Вернувшись в Россию, Ахматова решила, что уже никогда не услышит о Модильяни, хотя всегда допытывалась о нем у приезжавших из — за границы. Никто не слышал такого имени. Однако много лет спустя, в начале эпохи НЭПа, когда ненадолго возобновились связи с заграницей, Ахматовой попался в руки французский журнал, посвященный искусству. «Я открыла — фотография Модильяни… Крестик… Большая статья типа некролога; из нее я узнала, что он — великий художник XX века».

В 1912 году Ахматова путешествовала с Гумилевым по северной Италии, была в Генуе, Флоренции, Болонье, Падуе и Венеции, где пришла в восторг от итальянской живописи и архитектуры.

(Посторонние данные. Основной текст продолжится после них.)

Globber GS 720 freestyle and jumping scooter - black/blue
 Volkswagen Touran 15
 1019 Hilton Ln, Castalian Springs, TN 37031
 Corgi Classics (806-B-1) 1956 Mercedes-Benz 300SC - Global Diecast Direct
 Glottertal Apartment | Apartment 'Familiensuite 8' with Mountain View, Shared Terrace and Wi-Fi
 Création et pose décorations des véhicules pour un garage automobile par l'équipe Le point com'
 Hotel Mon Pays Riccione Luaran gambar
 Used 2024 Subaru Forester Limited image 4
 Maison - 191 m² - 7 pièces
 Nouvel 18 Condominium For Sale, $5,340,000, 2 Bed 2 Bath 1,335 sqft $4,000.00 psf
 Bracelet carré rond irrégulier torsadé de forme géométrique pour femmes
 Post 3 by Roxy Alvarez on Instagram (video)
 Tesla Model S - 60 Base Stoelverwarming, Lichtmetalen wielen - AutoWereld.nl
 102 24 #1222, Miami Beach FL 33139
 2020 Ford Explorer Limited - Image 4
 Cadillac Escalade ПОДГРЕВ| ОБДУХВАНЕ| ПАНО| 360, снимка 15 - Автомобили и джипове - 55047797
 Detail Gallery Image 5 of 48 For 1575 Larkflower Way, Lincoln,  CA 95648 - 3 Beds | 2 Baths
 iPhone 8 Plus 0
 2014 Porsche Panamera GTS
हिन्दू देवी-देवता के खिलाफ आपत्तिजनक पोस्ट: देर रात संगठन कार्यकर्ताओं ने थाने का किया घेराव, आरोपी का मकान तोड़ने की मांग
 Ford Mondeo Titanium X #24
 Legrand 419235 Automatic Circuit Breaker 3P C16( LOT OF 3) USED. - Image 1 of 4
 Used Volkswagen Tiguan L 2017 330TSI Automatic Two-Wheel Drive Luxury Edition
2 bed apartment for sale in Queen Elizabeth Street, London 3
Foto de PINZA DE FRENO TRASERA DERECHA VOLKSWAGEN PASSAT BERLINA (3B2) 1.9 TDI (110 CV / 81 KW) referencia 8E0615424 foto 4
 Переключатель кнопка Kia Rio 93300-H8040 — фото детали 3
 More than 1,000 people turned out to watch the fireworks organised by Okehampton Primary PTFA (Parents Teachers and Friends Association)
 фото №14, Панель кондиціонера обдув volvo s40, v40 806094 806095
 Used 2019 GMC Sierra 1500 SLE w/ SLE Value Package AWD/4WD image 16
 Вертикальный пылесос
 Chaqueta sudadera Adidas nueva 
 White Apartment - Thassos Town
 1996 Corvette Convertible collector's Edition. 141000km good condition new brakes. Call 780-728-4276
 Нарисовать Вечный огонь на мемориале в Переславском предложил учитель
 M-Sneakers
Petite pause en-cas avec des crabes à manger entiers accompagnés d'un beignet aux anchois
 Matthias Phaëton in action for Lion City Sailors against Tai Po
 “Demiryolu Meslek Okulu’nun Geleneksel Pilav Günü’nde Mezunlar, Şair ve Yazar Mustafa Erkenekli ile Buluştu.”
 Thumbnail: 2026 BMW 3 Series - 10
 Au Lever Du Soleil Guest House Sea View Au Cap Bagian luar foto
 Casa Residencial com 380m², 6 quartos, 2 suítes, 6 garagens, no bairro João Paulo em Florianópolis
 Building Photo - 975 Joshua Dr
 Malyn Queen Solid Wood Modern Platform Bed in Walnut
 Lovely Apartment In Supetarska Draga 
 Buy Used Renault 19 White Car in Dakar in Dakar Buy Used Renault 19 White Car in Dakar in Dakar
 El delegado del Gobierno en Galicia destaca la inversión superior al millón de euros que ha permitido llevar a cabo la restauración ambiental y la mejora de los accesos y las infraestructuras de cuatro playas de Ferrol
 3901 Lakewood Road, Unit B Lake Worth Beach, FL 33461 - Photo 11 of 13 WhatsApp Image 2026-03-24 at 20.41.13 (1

Скажет: «было как сон, который помнишь всю жизнь».

Между заграничными поездками осуществилось первое возвращение Ахматовой в Царское Село, поскольку ее приезд туда в юном возрасте трудно назвать возвращением, разве что в метафизическом смысле, а нынешнее возвращение было уже вполне сознательным и к тому же описано стихами. Она сознавала, кем она возвращается, и в какой город. Писала: «На север я вернулась в июне 1910 года. Но куда за пять лет провалилась моя царскосельская жизнь? Не застала там я ни одной моей соученицы по гимназии и не переступила порог ни одного царскосельского дома. Началась новая петербургская жизнь. В сентябре Н. С. Гумилев уехал в Африку. В зиму 1910/1911 годов я написала стихи, которые составили книгу"Вечер"».

В Царском Селе у Анны и Николая Гумилевых был дом. Этот дом Ахматова любила, и воспоминание о нем часто возвращалось в ее стихи. Дом находился на улице Малой, 63. Снаружи он выглядел так, как большинство домов в Царском Селе: двухэтажный, местами с отваливающейся штукатуркой, оплетенный хмелем. Однако внутри — просторный, светлый, теплый. Старый паркет немного скрипел, а из широких окон столовой были видны розовые кусты азалии. В нем имелась библиотека с остекленными шкафами, множество книг, уютные комнаты с мягкими кушетками и подушками, лампы, безделушки. Это было первое и единственное жилище Ахматовой, где внутреннее убранство не носило характерных для нее черт аскетизма. Она ведь была молодой женой относительно богатого человека в предреволюционные годы. Как вспоминал бывавший у Гумилевых в Царском Селе поэт Георгий Иванов, в этом доме пахло книгами, старыми стенами и духами. В клетке покрикивал розовый попугай. Это был период буйного развития общественной и литературной жизни, новых друзей и новых восторгов. Время делилось между Царским Селом и предреволюционным Петербургом.